## RECORDED DATA
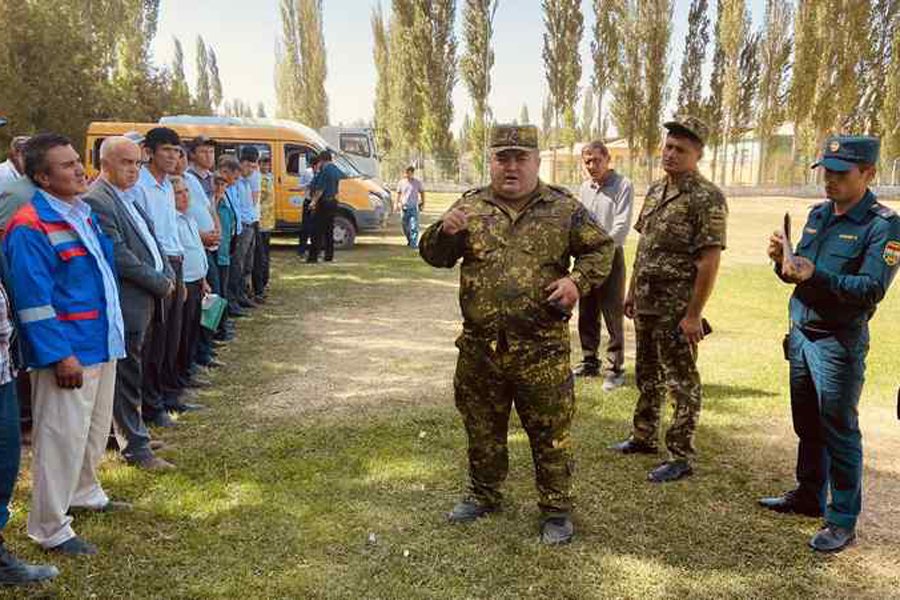 Шахристан КЧС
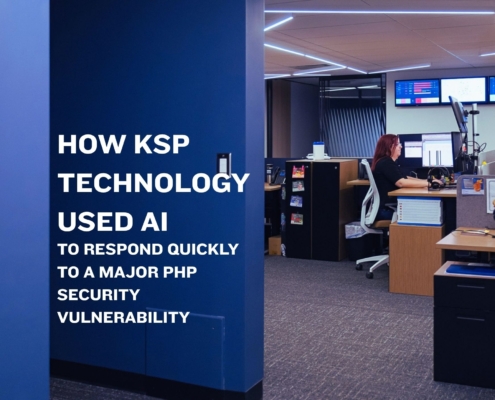 How KSP Technology Used AI to respond quickly to a major PHP security vulnerability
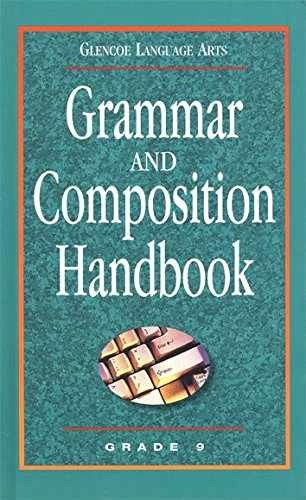 Glencoe Language Arts Grammar And – Hardcover, by McGraw-Hill – Very Good x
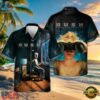 Rush Rock Band Power Windows Hawaiian Shirt, Music Fan Hawaiian Shirt Rush Rock Band Power Windows Hawaiian Shirt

## WORK TO BE COMPLETED
Reproduce the listing exactly, but keep its images out of the copy.

## SOLUTION BELOW
 Шахристан КЧС
 How KSP Technology Used AI to respond quickly to a major PHP security vulnerability
 Glencoe Language Arts Grammar And – Hardcover, by McGraw-Hill – Very Good x
 Rush Rock Band Power Windows Hawaiian Shirt, Music Fan Hawaiian Shirt Rush Rock Band Power Windows Hawaiian Shirt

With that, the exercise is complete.